That makes for poor communication by increasing the friction to read someone's thoughts.

As an author, you should care about reducing friction and decreasing the cost to the reader.


Some onus is on the reader to educate themselves, particular on Hacker News.


Am I the only one who uses a search engine while reading comment threads about industries/technologies I am not familiar with?

No. And yet... it's considered a Good Practice to expand acronyms on first use, and generally do things to reduce the friction for your audience to understand what you're writing.


> and generally do things to reduce the friction for your audience to understand what you're writing

Sure, if you're writing a blogpost titled "Architecture for Chefs" then yes, write with that audience in mind.

But we're a mix-match of folks here, from all different walks of life.
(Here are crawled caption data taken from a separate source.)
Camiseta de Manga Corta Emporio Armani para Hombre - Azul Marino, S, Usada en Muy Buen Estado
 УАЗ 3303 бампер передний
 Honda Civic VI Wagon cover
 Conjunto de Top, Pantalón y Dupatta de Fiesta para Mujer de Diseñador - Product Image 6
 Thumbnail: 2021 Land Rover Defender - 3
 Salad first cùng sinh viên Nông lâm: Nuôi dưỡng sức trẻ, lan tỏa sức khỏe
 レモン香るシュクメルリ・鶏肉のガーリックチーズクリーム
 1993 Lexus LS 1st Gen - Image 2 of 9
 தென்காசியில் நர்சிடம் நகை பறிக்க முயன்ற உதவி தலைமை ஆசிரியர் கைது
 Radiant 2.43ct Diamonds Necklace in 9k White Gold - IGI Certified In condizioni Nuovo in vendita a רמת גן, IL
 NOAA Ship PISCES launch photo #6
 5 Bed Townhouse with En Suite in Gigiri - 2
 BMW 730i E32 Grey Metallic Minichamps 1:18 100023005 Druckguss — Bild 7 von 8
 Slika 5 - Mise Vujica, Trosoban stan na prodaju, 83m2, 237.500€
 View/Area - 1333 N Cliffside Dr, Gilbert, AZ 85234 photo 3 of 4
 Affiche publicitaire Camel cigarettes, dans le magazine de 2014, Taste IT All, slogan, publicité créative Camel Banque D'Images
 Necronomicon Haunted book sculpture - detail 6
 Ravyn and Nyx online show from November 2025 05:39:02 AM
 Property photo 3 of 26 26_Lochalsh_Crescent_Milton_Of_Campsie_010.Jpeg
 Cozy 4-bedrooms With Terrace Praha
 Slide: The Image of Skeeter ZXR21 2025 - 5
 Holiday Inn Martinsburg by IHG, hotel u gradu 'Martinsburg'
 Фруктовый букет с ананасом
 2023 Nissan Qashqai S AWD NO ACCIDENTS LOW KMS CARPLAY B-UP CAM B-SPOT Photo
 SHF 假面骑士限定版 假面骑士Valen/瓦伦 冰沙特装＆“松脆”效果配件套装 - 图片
Requiring that everyone should expand all acronyms others possibly might not understand, would just be a waste of time.

If I see two cooks discussing knives with terms I don't understand, is it really their responsibility to make sure I understand it, although I'm just a passive observer, and I posses the skill to look up things myself?


>But we're a mix-match of folks here, from all different walks of life. Requiring that everyone should expand all acronyms others possibly might not understand, would just be a waste of time.

Exactly!

Why would I waste 5 seconds of my own time, when I could waste 5 seconds of a dozen to hundreds of people's time?

My time is much better spent in meta-discussions, informing people that writing out a word one single time instead of typing up the acronym is too much.


Yes, I searched RLHF and figured it out. But this was an especially “good” example of poor communication. I assume the author isn’t being deliberately obtuse and appreciates the feedback.